You can have a local bike shop do all of your tune-up and repair work. It's not expensive, you rarely need it anyway, and it helps keep your handy local bike shop in business. If you experience trouble while riding, you can just lock up the bike and either walk or call for a ride.
However, fixing your bike is easy once you learn how to do it. That knowledge will let you quickly solve problems as soon as they happen. To get bicycle maintenance instruction, ask a local cycling club or nearby bike shop if they know about a good class.
There are a couple of maintenance needs that you can easily handle yourself and which recur frequently. I discuss these below.
In the US, there are two common types of valves that bike tire inner tubes have. The Schrader (sometimes misspelled Schraeder) valve is the standard type used on all car tires.
Shown below is the Presta valve.
It's best to get a pump that can attach to both types, so that you can use the pump with any bike you might have in the future.

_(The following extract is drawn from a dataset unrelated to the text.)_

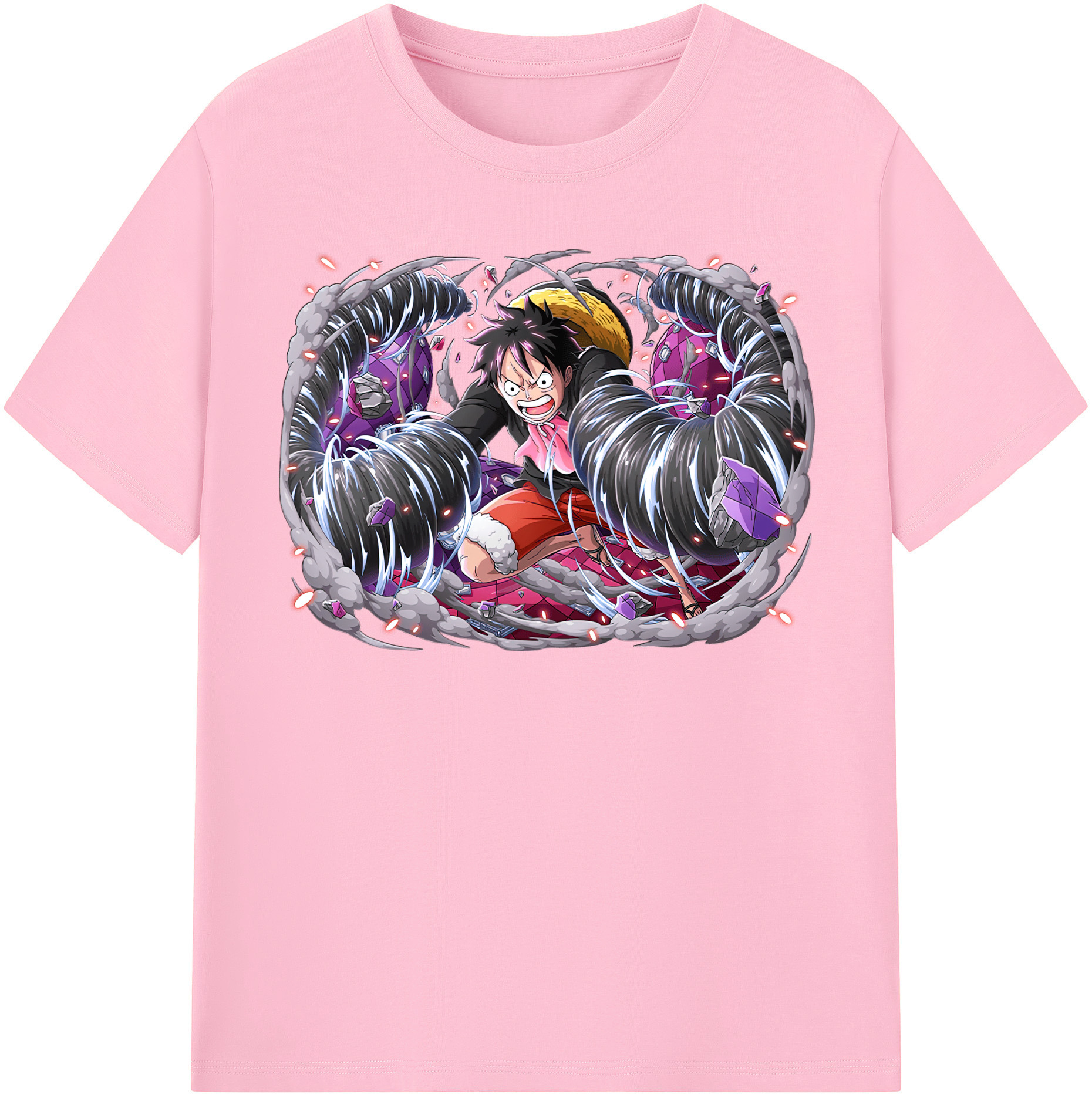 ワンピース モンキー・D・ルフィ ONE PIECE Monkey D. Luffy 綿100％半袖Tシャツ（フロントプリント）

If there is a plastic cap on top of the valve, you have to unscrew and remove it before attaching the pump. For Presta valves, you also have to unscrew the tiny nut at the top, so that it raises up to the valve's tip. Then slide the pump onto the valve as far as it will go. The pump will probably have some way to lock onto the valve. You pump the tire, then undo these steps I just gave.
You will need to own at least one tire pump with a pressure gauge on it. Once per week or so, attach the pump to each tire to see the pressure.
Pump until the gauge reads an amount slightly under the maximum printed on the side of the tire. I have a portable pump for handling flat tires, but normally I prefer to use a floor pump just because it is easier.
If you use a portable pump like the one shown below, you will have to use one hand to hold the pump and wheel at the same time. This will let you pump without wrenching the valve back and forth. Actually, in the photo below, I'm holding onto a spoke; I think holding onto the rim would have been better.
The drive chain, and the toothed gears it touches, are parts of the bike that need frequent attention.
If those parts look dirty, squeak, or fail to travel smoothly, they are probably due for lubrication. Lubrication is best done as part of a whole cleaning process. See my cleaning page for specifics about how to do it.
I suppose you don't have to bother with this, if you own a cheap bike and don't want to make the effort. You could just ride the bike until it doesn't work anymore, and then junk it and buy another cheap one. Maybe you could spray the chain with lube occasionally, when it squeaks. If you don't want to spend time on maintenance, this could be a perfectly valid strategy.
Be sure to check for grit after rain riding, when the tires throw dirty water from the road. You could simply wipe dirt away with a paper towel or cloth, but it's better to do a full cleaning of your bike.